▶ **DATA FOR ANALYSIS**
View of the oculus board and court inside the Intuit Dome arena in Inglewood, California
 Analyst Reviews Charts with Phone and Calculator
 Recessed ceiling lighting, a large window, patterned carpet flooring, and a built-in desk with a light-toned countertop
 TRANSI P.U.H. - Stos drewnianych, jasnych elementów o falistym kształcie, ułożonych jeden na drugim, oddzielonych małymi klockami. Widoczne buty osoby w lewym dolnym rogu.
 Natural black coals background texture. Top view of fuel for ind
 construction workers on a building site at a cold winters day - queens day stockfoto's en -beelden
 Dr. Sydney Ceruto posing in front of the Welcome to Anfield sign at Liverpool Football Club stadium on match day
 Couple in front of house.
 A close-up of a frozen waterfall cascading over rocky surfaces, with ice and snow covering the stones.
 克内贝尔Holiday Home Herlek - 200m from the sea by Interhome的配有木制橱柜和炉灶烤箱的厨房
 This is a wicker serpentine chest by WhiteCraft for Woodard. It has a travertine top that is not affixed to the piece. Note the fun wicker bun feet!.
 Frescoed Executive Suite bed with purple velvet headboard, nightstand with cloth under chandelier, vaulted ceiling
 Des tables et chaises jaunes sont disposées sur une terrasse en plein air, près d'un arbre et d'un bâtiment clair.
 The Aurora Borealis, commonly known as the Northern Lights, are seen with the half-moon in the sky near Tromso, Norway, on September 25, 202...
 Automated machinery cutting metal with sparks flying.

▶ **TASK ITEM**
Retype the records above in full, matching each line exactly.

▶ **TASK ANSWER**
View of the oculus board and court inside the Intuit Dome arena in Inglewood, California
 Analyst Reviews Charts with Phone and Calculator
 Recessed ceiling lighting, a large window, patterned carpet flooring, and a built-in desk with a light-toned countertop
 TRANSI P.U.H. - Stos drewnianych, jasnych elementów o falistym kształcie, ułożonych jeden na drugim, oddzielonych małymi klockami. Widoczne buty osoby w lewym dolnym rogu.
 Natural black coals background texture. Top view of fuel for ind
 construction workers on a building site at a cold winters day - queens day stockfoto's en -beelden
 Dr. Sydney Ceruto posing in front of the Welcome to Anfield sign at Liverpool Football Club stadium on match day
 Couple in front of house.
 A close-up of a frozen waterfall cascading over rocky surfaces, with ice and snow covering the stones.
 克内贝尔Holiday Home Herlek - 200m from the sea by Interhome的配有木制橱柜和炉灶烤箱的厨房
 This is a wicker serpentine chest by WhiteCraft for Woodard. It has a travertine top that is not affixed to the piece. Note the fun wicker bun feet!.
 Frescoed Executive Suite bed with purple velvet headboard, nightstand with cloth under chandelier, vaulted ceiling
 Des tables et chaises jaunes sont disposées sur une terrasse en plein air, près d'un arbre et d'un bâtiment clair.
 The Aurora Borealis, commonly known as the Northern Lights, are seen with the half-moon in the sky near Tromso, Norway, on September 25, 202...
 Automated machinery cutting metal with sparks flying.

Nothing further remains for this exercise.